*** Opening Data ***

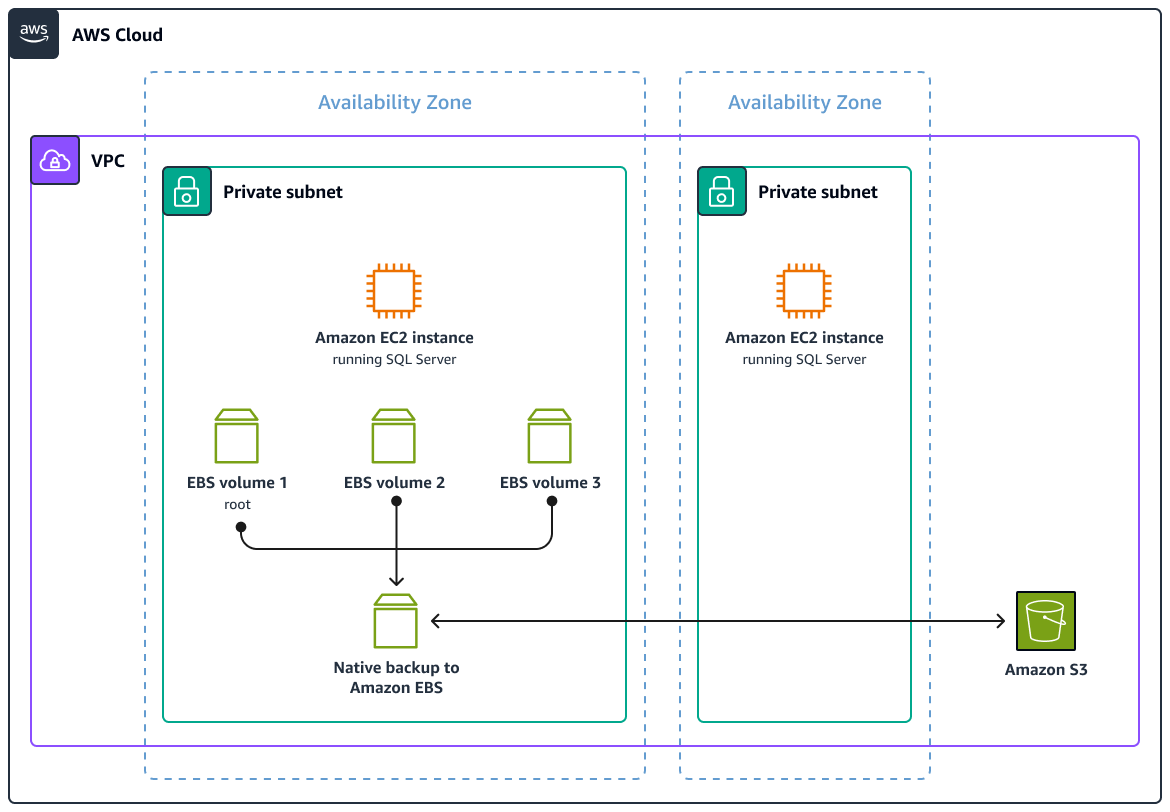 Architettura EBS dei volumi Amazon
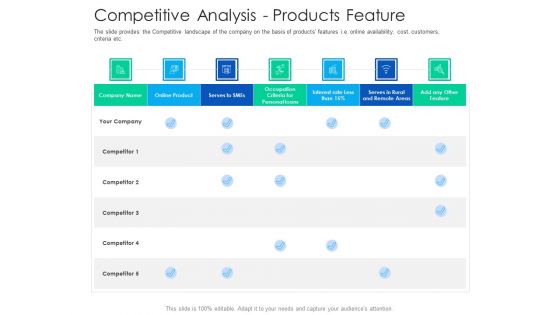 After Hours Trading Competitive Analysis Products Feature Portrait PDF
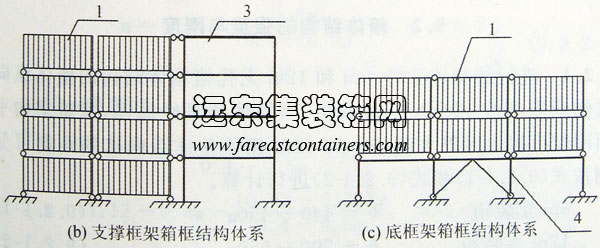 支撑框架和底框架箱框结构体系,集装箱组合房屋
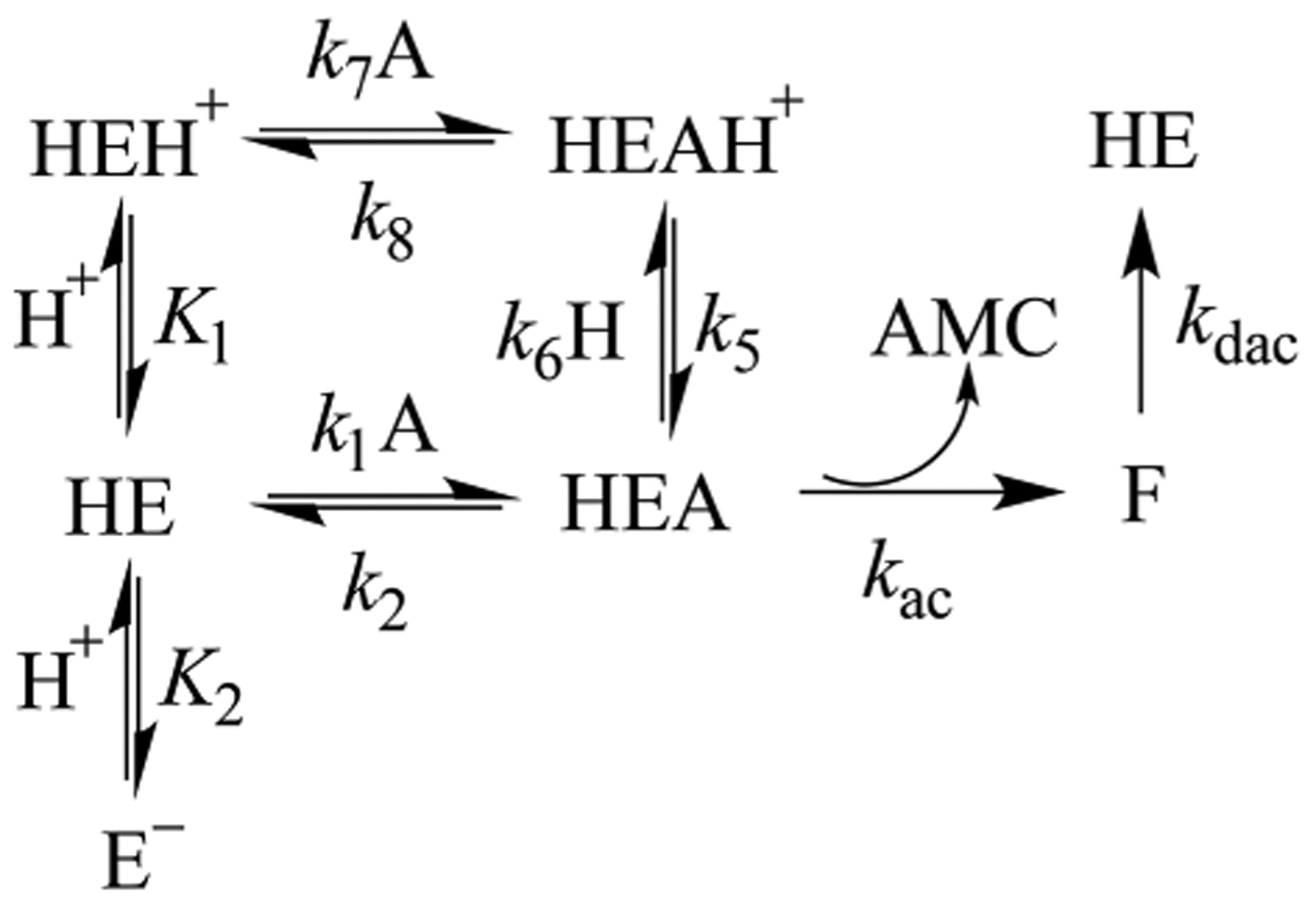 Scheme 2.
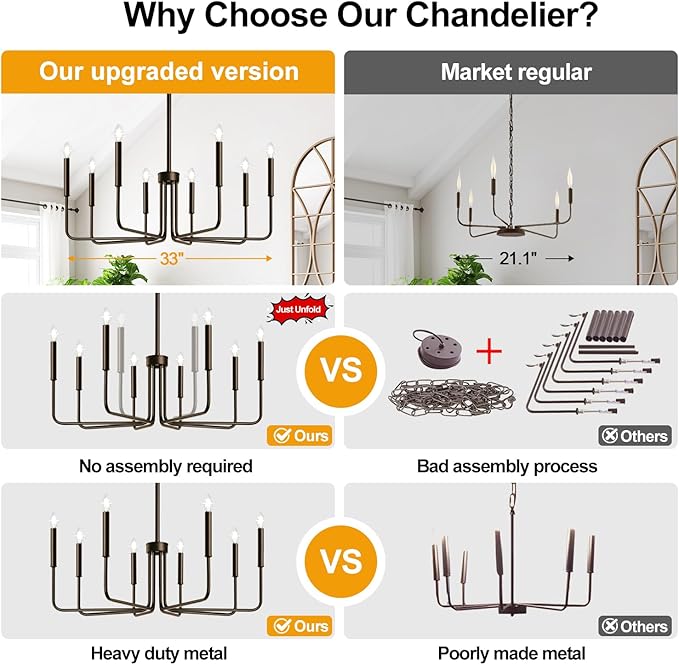 8-Light Farmhouse Chandelier for Dining Room Lighting Fixtures Hanging, Oil-Rubbed Bronze Dining Light Fixtures Industrial Chandelier for Bedroom, Foyer, Hall, Kitchen, Living Room and Entryway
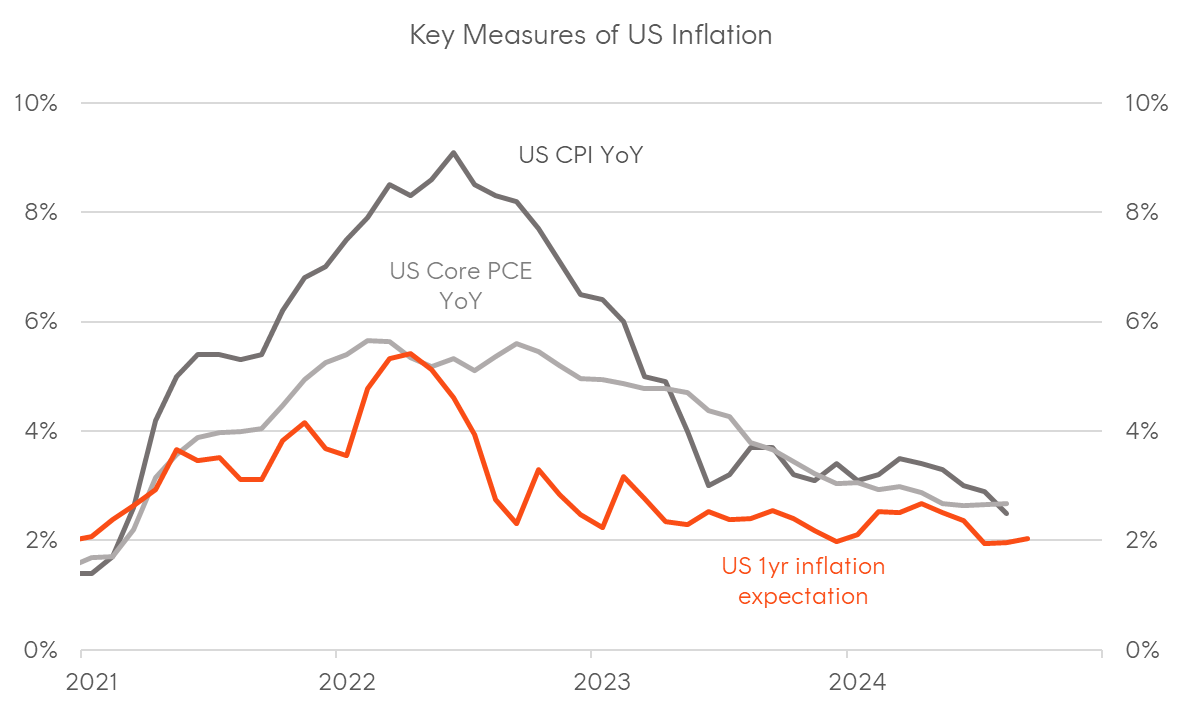 A graph of a graph showing the price of the us inflation Description automatically generated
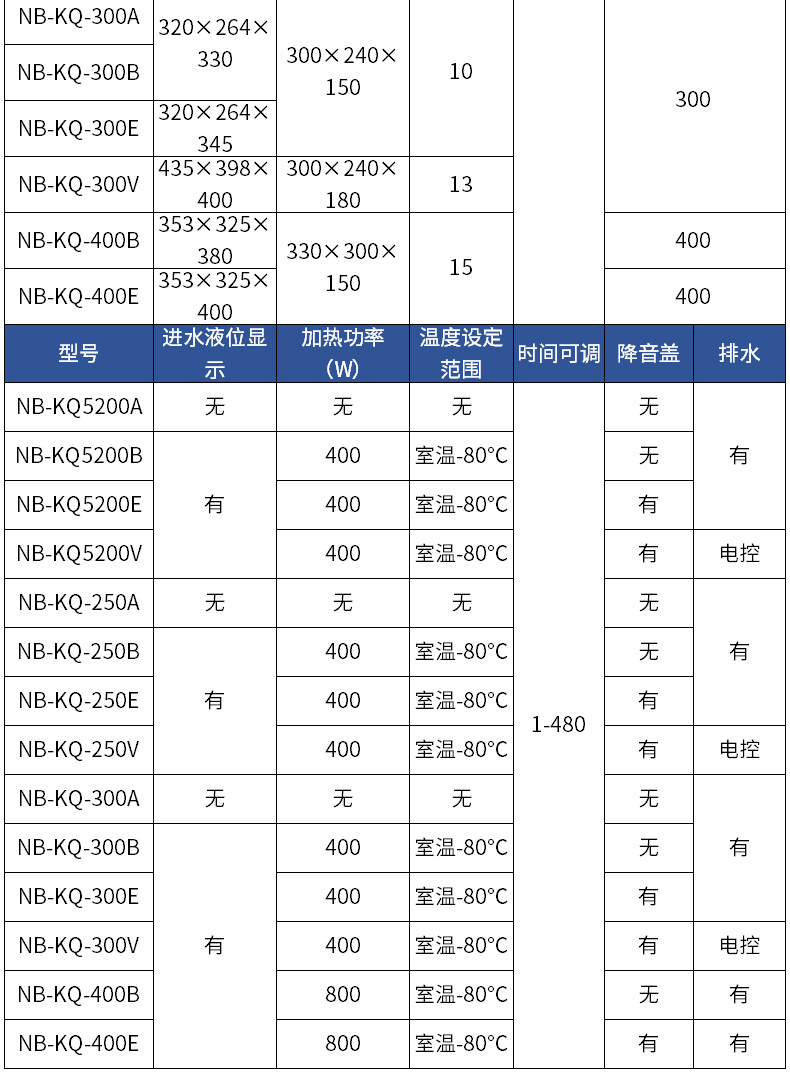 超声波清洗机_11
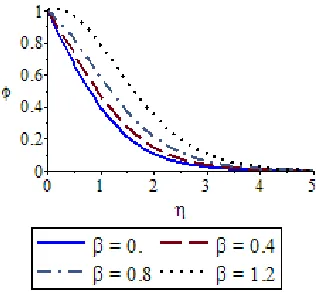 Fig. 6. Concentration distributions profile for various β 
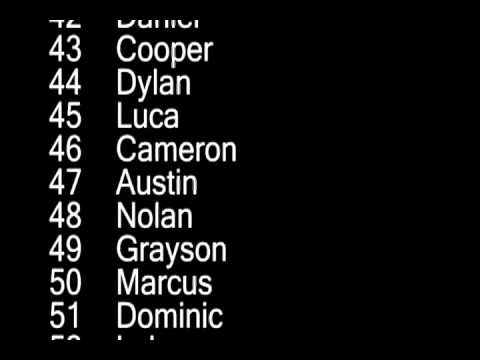 boy from quran unique baby names With  Baby Girl Pdf Muslim Names videoparades.com Meanings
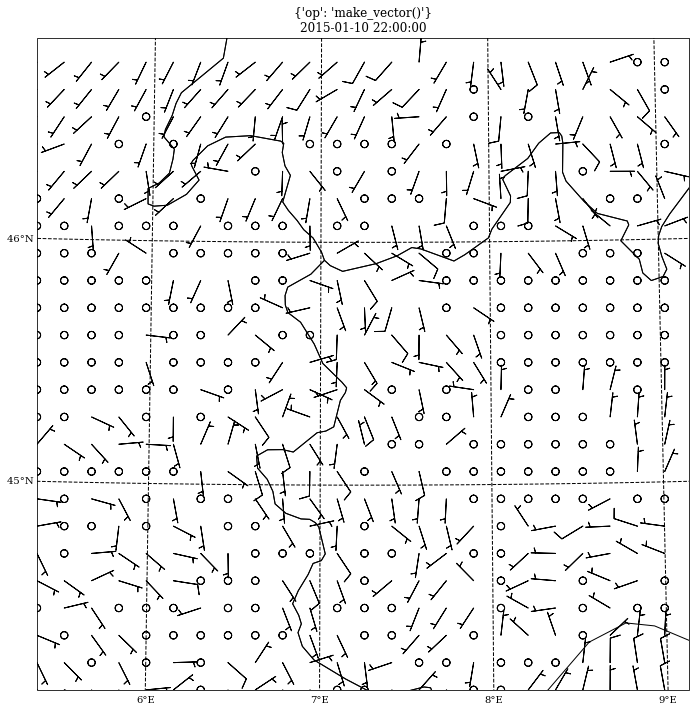 ../../_images/gallery_A.1-H2D_plots_09.wind_plot_5_0.png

*** Closing Data ***

__Exercise objective__.
Retype each record exactly as it stands, but do not include the pictures.

__Solution for this task__.
 Architettura EBS dei volumi Amazon
 After Hours Trading Competitive Analysis Products Feature Portrait PDF
 支撑框架和底框架箱框结构体系,集装箱组合房屋
 Scheme 2.
 8-Light Farmhouse Chandelier for Dining Room Lighting Fixtures Hanging, Oil-Rubbed Bronze Dining Light Fixtures Industrial Chandelier for Bedroom, Foyer, Hall, Kitchen, Living Room and Entryway
 A graph of a graph showing the price of the us inflation Description automatically generated
 超声波清洗机_11
 Fig. 6. Concentration distributions profile for various β 
 boy from quran unique baby names With  Baby Girl Pdf Muslim Names videoparades.com Meanings
 ../../_images/gallery_A.1-H2D_plots_09.wind_plot_5_0.png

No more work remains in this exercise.